Content starts

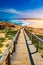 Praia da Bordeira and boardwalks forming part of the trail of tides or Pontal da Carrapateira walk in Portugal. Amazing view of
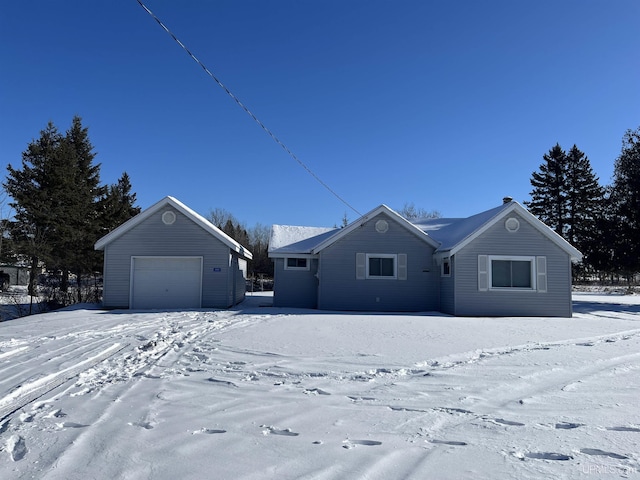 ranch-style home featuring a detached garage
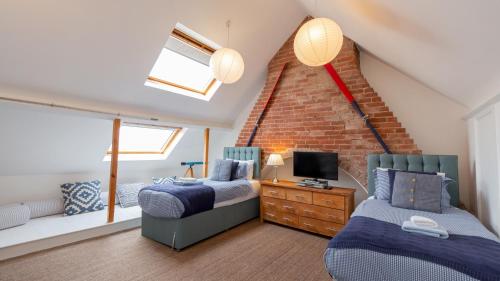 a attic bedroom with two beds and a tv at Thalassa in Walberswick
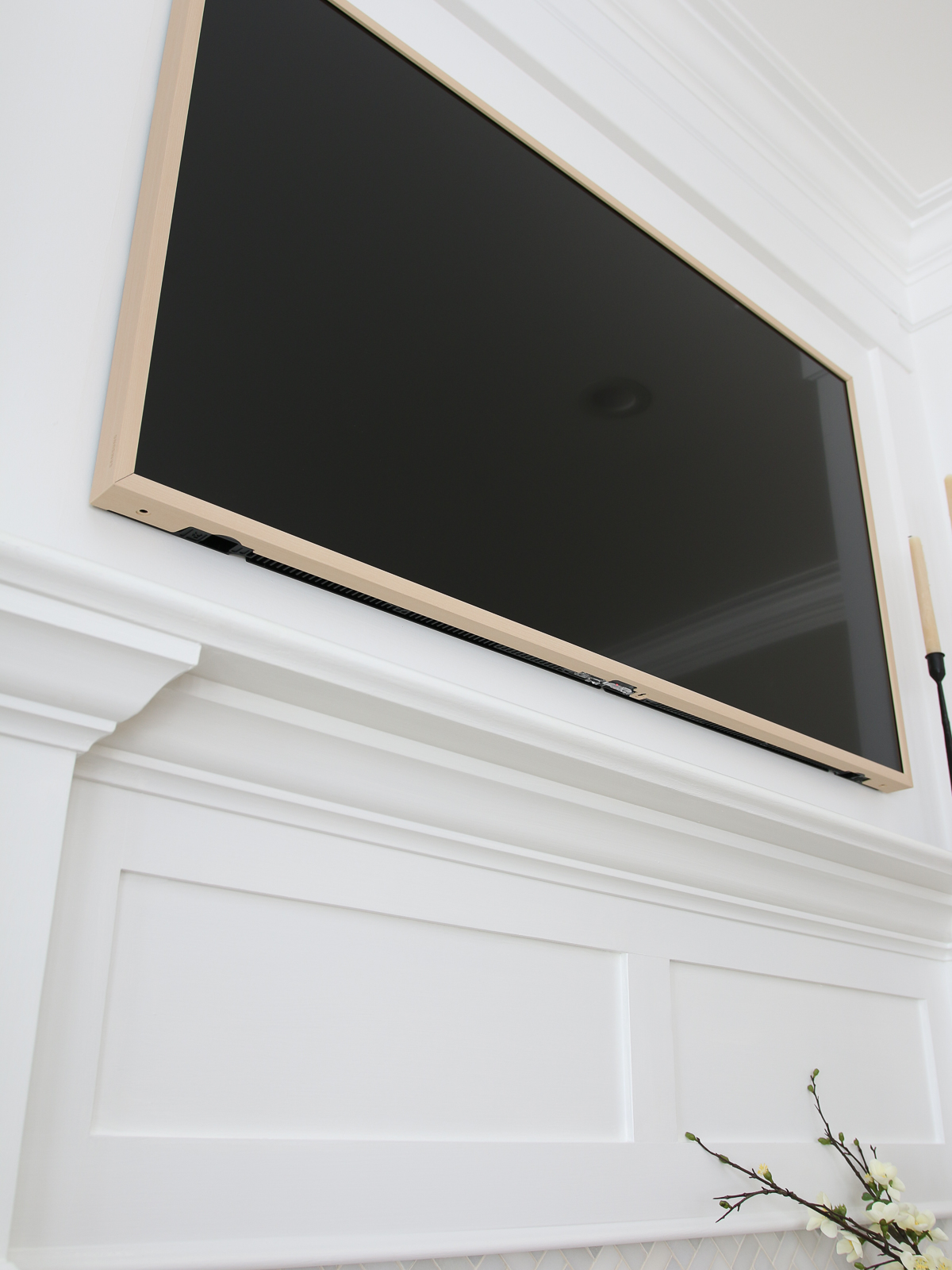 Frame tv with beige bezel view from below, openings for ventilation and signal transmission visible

Content ends

Restate the material above exactly. Exclude all pictures.

*Exercise answer*
 Praia da Bordeira and boardwalks forming part of the trail of tides or Pontal da Carrapateira walk in Portugal. Amazing view of
 ranch-style home featuring a detached garage
 a attic bedroom with two beds and a tv at Thalassa in Walberswick
 Frame tv with beige bezel view from below, openings for ventilation and signal transmission visible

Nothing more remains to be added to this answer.